Although many historical pieces on display at the Miners Foundry, the Joseph Mayer pipe organ is a definite favorite. Born May 27, 1823 in Baden Wurttemberg, Germany, Joseph Severin Mayer was the first builder of organs in California. He immigrated to the United States in 1853 and initially worked in several organ factories in New York City. Eighteen months later, he left for California to try his luck in the gold fields. He prospected throughout the Mother Lode Country, but fortune did not favor his quest. He settled in Marysville in 1856 and eventually moved to San Francisco, where he established a successful organ business on the south side of Page Street, near Octavia. Joseph Mayer passed away on October 15, 1909 in San Francisco.
The organ was originally built in 1872 for a Jewish Temple located on lower Post Street. The congregation moved to a new building near Laguna in 1899. The organ moved with the congregation and therefore survived the Great Earthquake and Fire of 1906. The Temple later became the Zen Soto Mission, a Buddhist sect and the organ, not needed for services, was nearly forgotten. In 1966 a pipe organ technician named Paul Alexander discovered the organ in a dilapidated state and spent the next five years rebuilding it, together with Robert Hunt. The keyboards, main frame, manual actions, stop knobs, and wooden pipes are all original.

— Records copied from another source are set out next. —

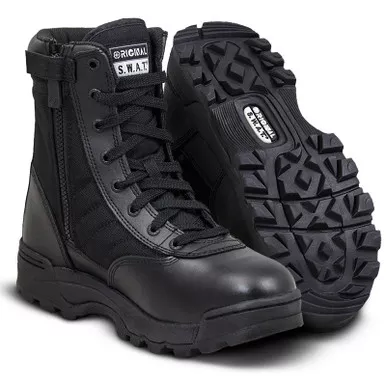 Original S.W.A.T. 115201 Classic 9" Side-Zip Tactical Duty Boots, Black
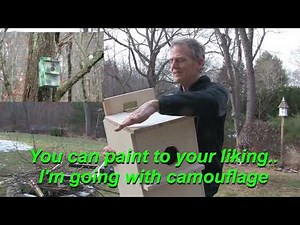 Build a Screech Owl Bird house, Simple and Easy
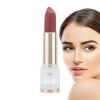 Rouge à lèvres pour femmes mat, Repulpeur de lèvres hautement pigmenté longue durée, Rouge à lèvres Nude pour filles et femme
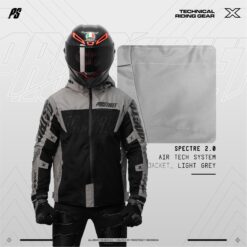 Jaket Motor Prostreet Spectre Air Tech System V.2 Light Grey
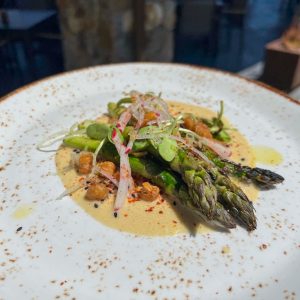 charred asparagus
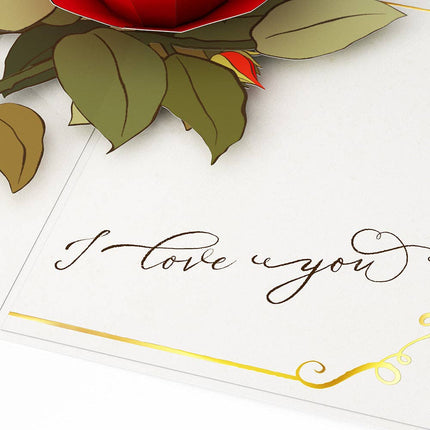 I Love You Roses Pop-Up Card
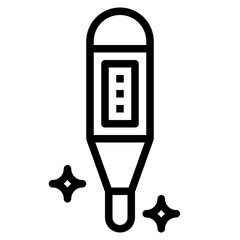 thermometer line icon style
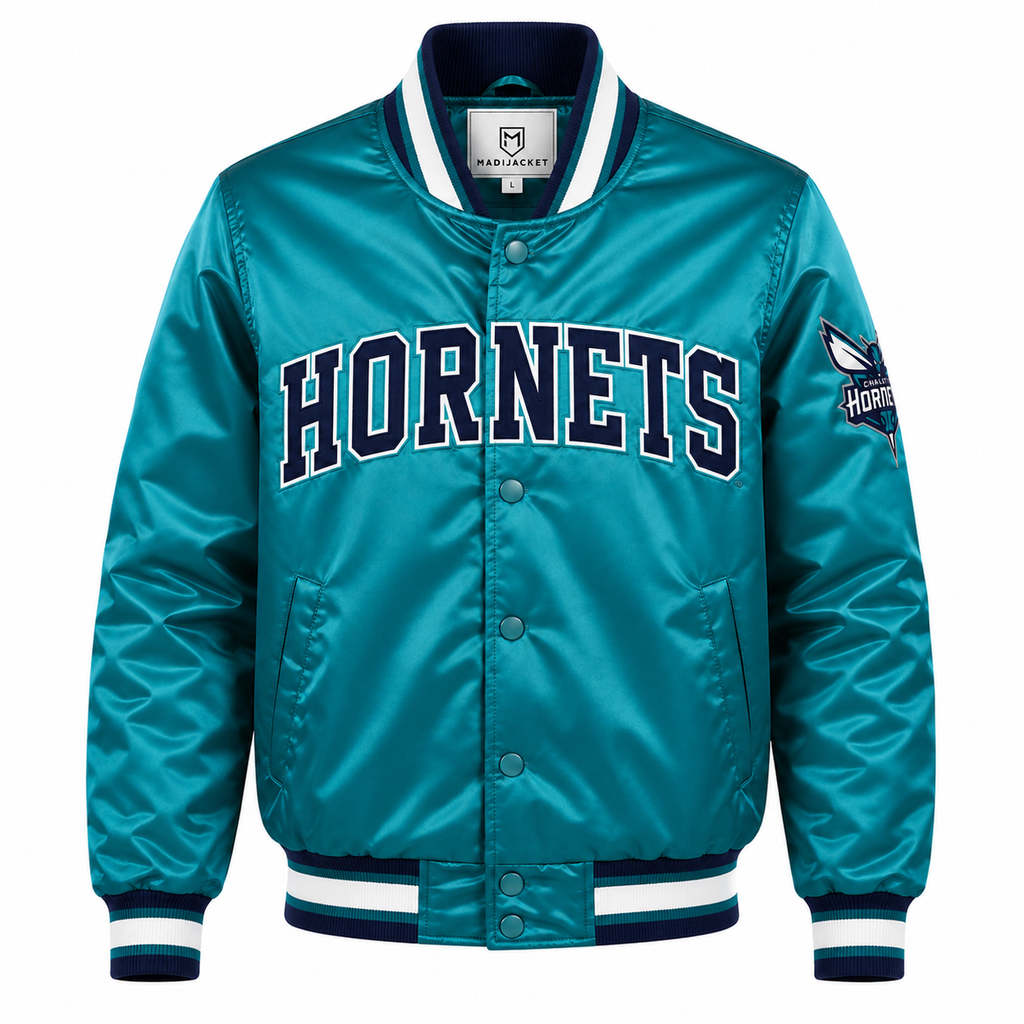 Charlotte Hornets Heavyweight Satin Fan Jacket
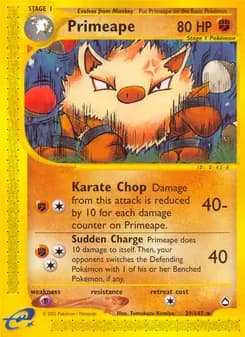 Primeape card in English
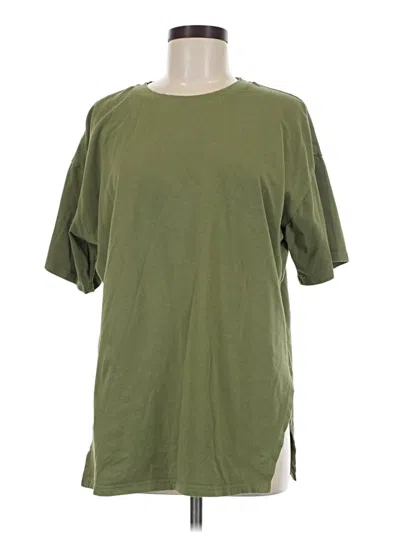 Pre-owned Unbranded Short Sleeve T-shirt In Green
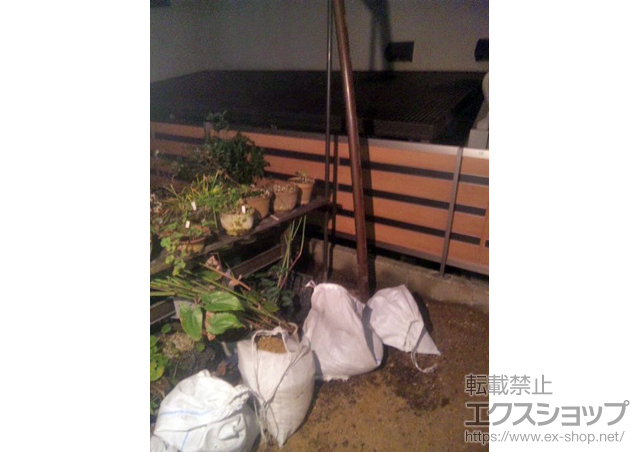 岡山県倉敷市ののフェンス・柵 ジオーナフェンス YP型 マテリアルカラー フリーポールタイプ 施工例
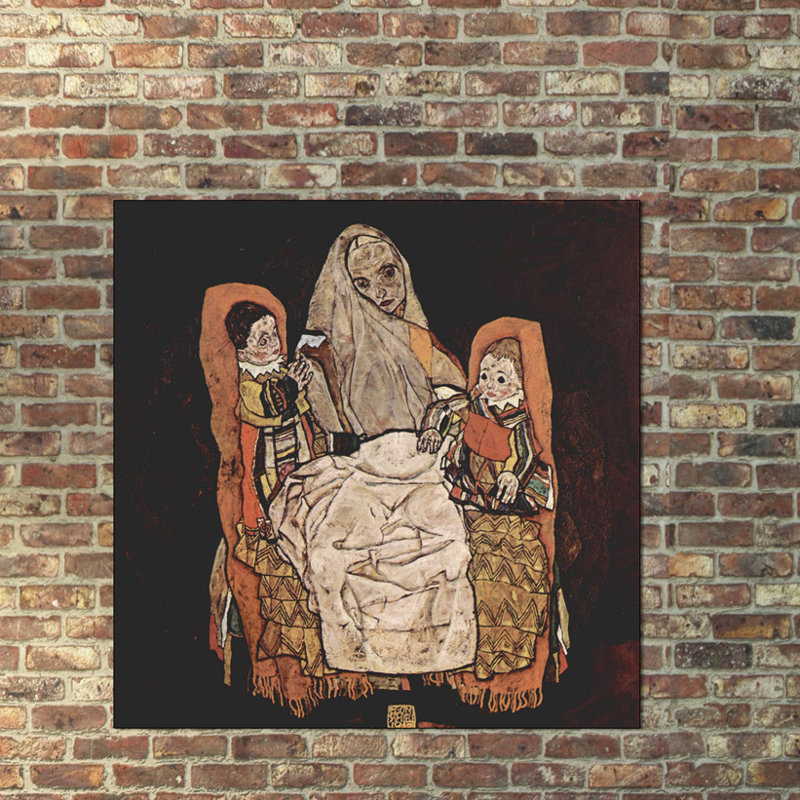 Egon Schiele - Wrapped Canvas Painting, 70cm H x 70cm W x 1.8cm D
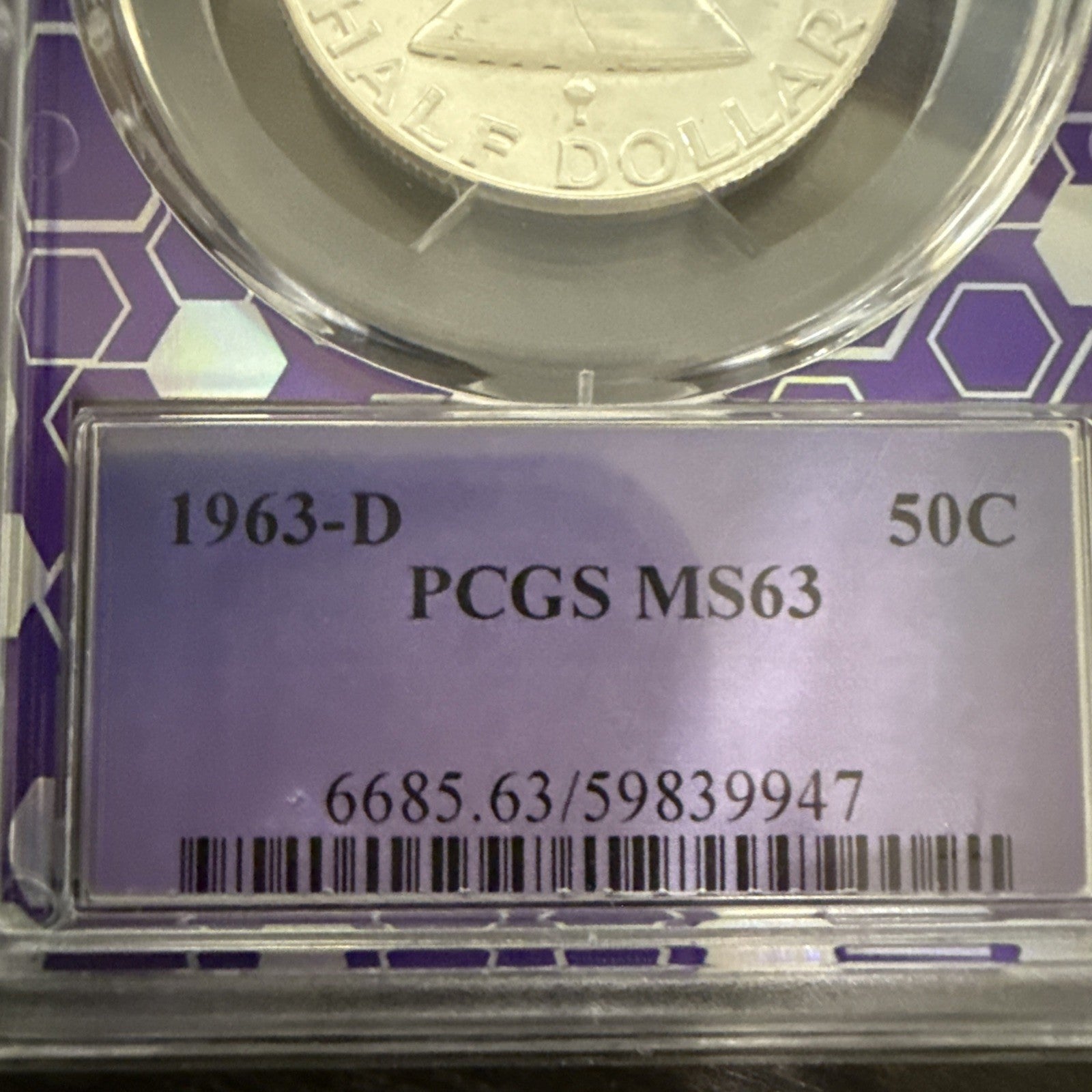 1963 - D 50C PCGS MS - 63 FRANKLIN - toyscardscomics
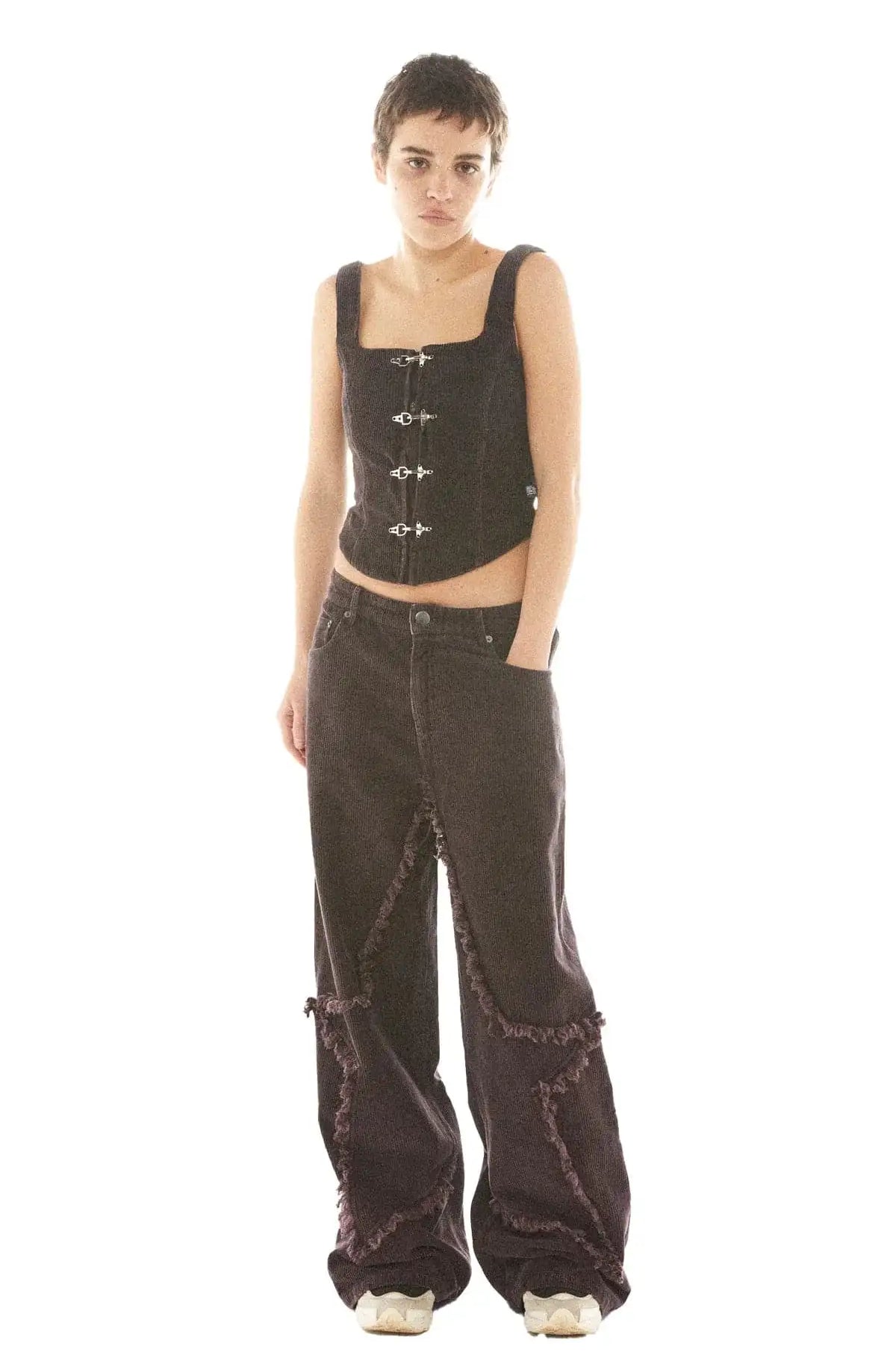 Basic Pleasure Mode Hot Chocolate Corset Top Corset by Basic Pleasure Mode as seen on celebrities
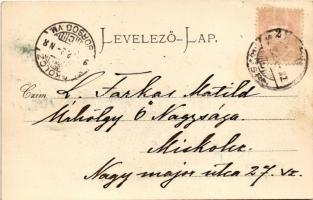 1898 (Vorläufer) Tátra, Magas Tátra, Vysoké Tatry; Tengerszem csúcs. Stengel&amp;Co. kiadása 891...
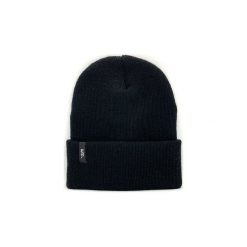 Czapka Beanie Black. Czarne czapki męskie Harp Team, bez wzorów, z dzianiny. Za 59,00 zł.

Of the twenty eight organs built by Mayer in San Francisco, the only piece surviving to this day is the organ housed at the Miners Foundry.
The organ was purchased in 1974 by David Osborn and Charles Woods, and installed in what was then the American Victorian Museum, now known as the Miners Foundry Cultural Center. A dedicatory recital was given by Reiko Oda-Lane on November 30, 1974, one hundred and two years after the organ was built. Many more organ concerts followed, to the delight of the Nevada County community. Sadly, the roof over the organ deteriorated over the years and leaks caused severe damage to the instrument, rendering it not playable. The organ remains a favorite historical piece for all who visit the Miners Foundry, and is a feature of our annual Fright Night Celebration.